Peano space is a continuous image of the unit interval I A Hausdorff space $X$ is a Peano space if it is a continuous image of the unit interval $I$ 
Definition :- A Peano space is a compact, connected, locally connected metric space. 
update :-
$I$ is is a compact, connected and the continuous image of it is so .
How I can start with locally connected metric space ?
 A: This is the easy part of the Hahn-Mazurkiewicz theorem. So I had some fun tracking references inside Willard:
Suppose $f: [0,1] \to X$ is continuous and onto, where $X$ is a Hausdorff topological space.


*

*Willard Thm. 17.7 (cont. image of compact is compact) implies that $X$ is compact because $[0,1]$ is compact (example 17.9, it's closed and bounded in $\mathbb{R}$).

*26.3 (continuous image of connected is connected) implies that $X$ is connected. Example 26.2c says $[0,1]$ is connected.

*$f$ is a quotient map because it is a closed map (see proof of 17.14)

*So 27.12 then implies, because $f$ is quotient, that $X$ is locally connected.

*Corollary 23.2 (of Urysohn's metrisation theorem) says that a continuous image of a compact metric space inside a Hausdorff space is metrisable.
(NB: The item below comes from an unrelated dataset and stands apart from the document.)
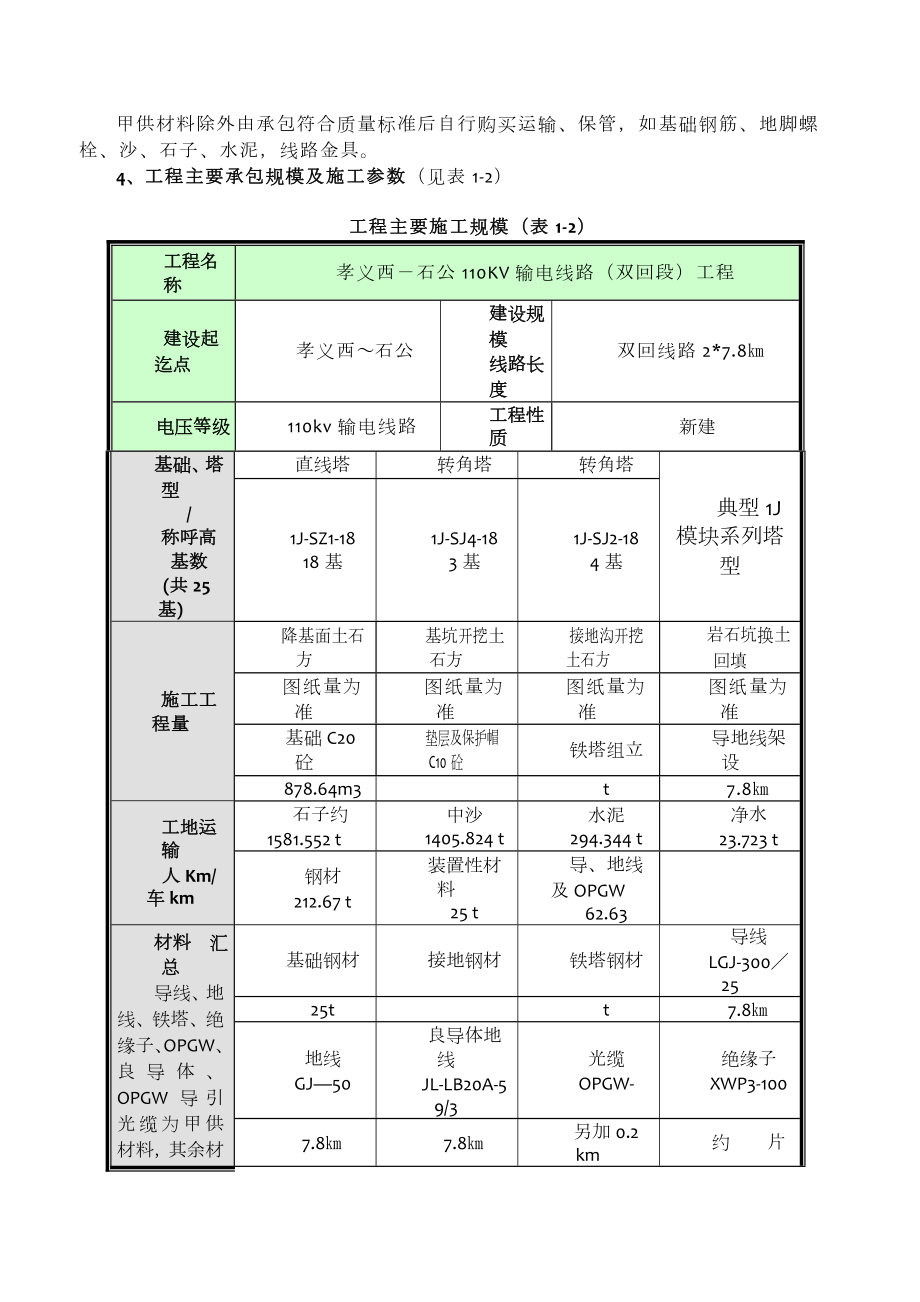 山西某110kv输电线路施工组织设计.doc_第2页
So $X$ is metrisable.
Putting all together we see that $X$ is a Peano space.
A: Let $f$ be a continuous map of $I$ onto $X$. 
$X$ must be compact and metric.
Moreover, $X$ is the continuous image of a connected space and a quotient of a locally connected space, so $X$ has these 
properties itself.
Thus, $X$ is a Peano space.
(To see this, let $H$ be closed in $I$, then $H$ is compact, so $f(H)$ is also compact.
Now, $f(H)$ is compact in a Hausdorff space $X$, hence $f(H)$ is closed. Therefore, $f$ is a quotient map).